3 Dicembre 2020

Mondragone Città Possibile, l’Amministrazione si adoperi subito per ripristinare un servizio essenziale per i cittadini

Il Movimento d’opinione “Mondragone Città Possibile”, interviene in merito alla sospensione della “linea urbana Mondragone M1” e alla modifica degli orari delle altre linee protocollando una nota al Sindaco per la predisposizione di un tavolo tecnico. 

“Nella giornata del 1 Maggio, festa dei lavoratori, abbiamo inteso protocollare una nota al Sindaco per chiedere la predisposizione di un tavolo tecnico che abbia come obiettivo quello di redigere un’analisi tecnico-scientifica completa sul trasporto pubblico locale e l’organizzazione di un Progetto di mobilità sostenibile urbana ed extraurbana che razionalizzi le linee e gli orari dei bus.

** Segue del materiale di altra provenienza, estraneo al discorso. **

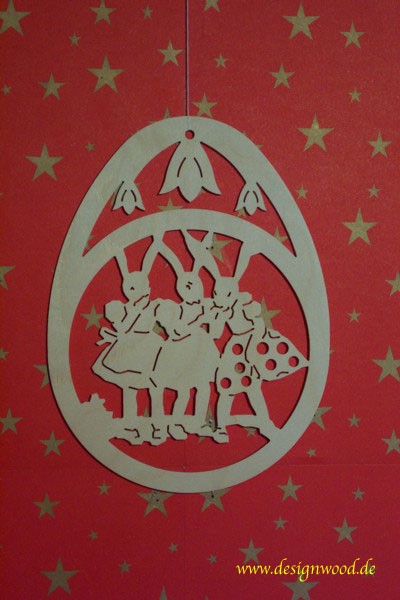 Fensterbild-Ostern-3 Mädchen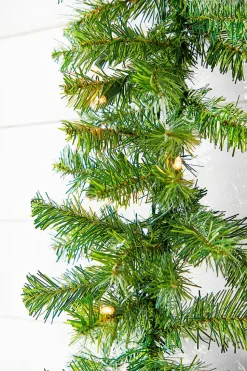 9' x 10" Norway Pine Garland 200T/50Clear/Outdoor/UL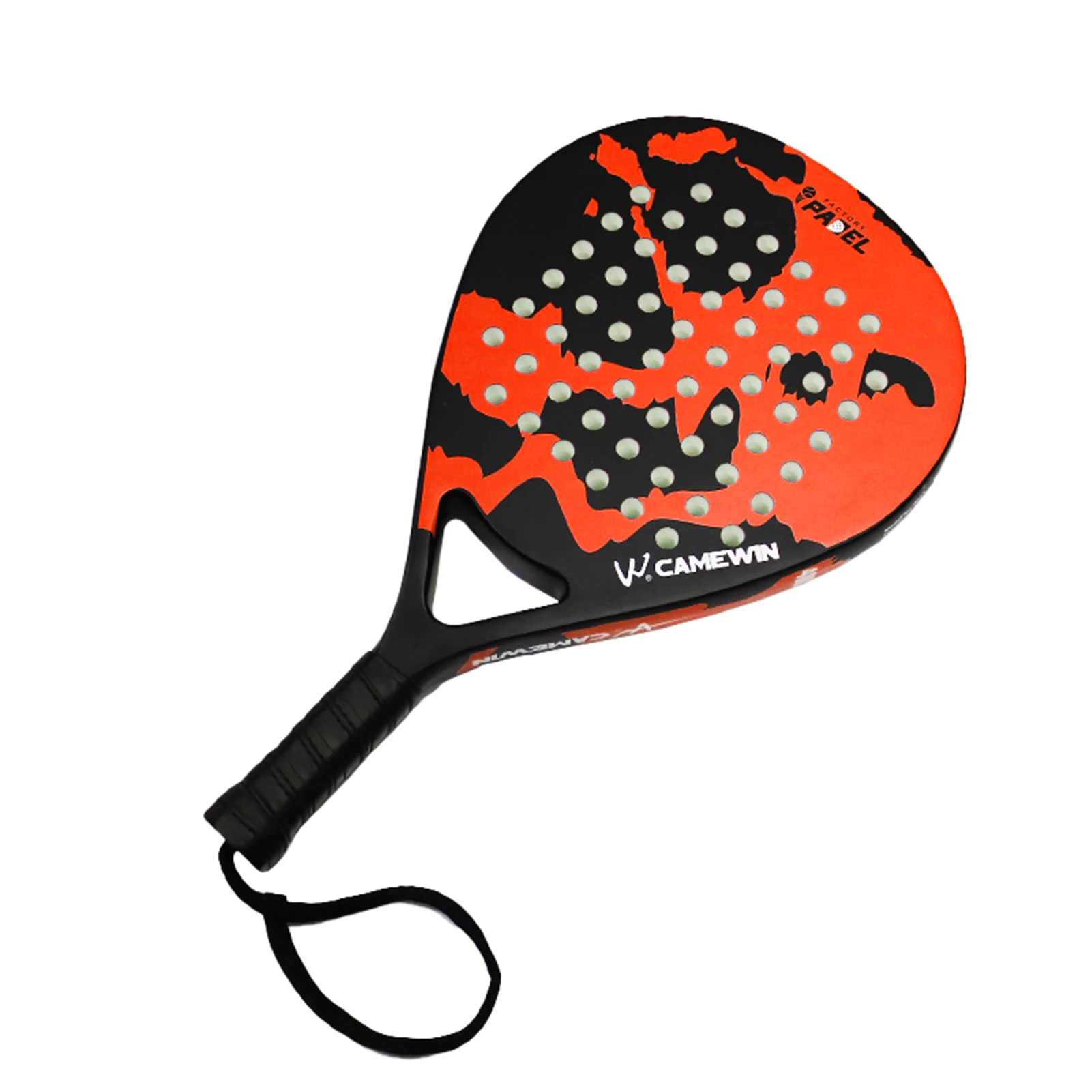 

Paddle Tennis Racquets Paddle Tennis Rackets With Carry BagCarbon Fiber Grit Face With EVA Memory Foam Core Full BeachTennis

E’ da anni che i servizi essenziali come il trasporto pubblico sono interessati da continui tagli alle risorse economiche. Di conseguenza vengono a crearsi delle situazioni di disagio che creano problemi ai cittadini, ai lavoratori e agli studenti che ogni giorno usufruiscono dei pullman per raggiungere alcune delle strutture più importanti della nostra Città dislocate su tutto il territorio di Mondragone (Cimitero, A.S.L., Stazione ferroviaria, Scuole), oppure le periferie di Le Vagnole e Pescopagano. Quindi, riteniamo che sia di primaria importanza che l’Amministrazione si adoperi con tutte le proprie forze al fine di ripristinare il trasporto urbano e risolvere la drammatica situazione cui dovranno far fronte le numerose persone che usufruiscono di tale servizio.

La nostra scelta di intervenire sul tema in una giornata come il 1 Maggio, festa che rappresenta le battaglie dei lavoratori in difesa dei propri diritti, è per mostrare la nostra vicinanza a tutti quei lavoratori che dovranno affrontare con sacrificio questi disservizi.

Noi saremo sempre dalla parte di tutti quei cittadini che subiscono i disagi causati da chi, quotidianamente, si adopera per lo smantellamento del trasporto pubblico e per questo motivo invitiamo la cittadinanza a mobilitarsi e a pretendere che le Istituzioni escano dal proprio disinteresse verso questa problematica.”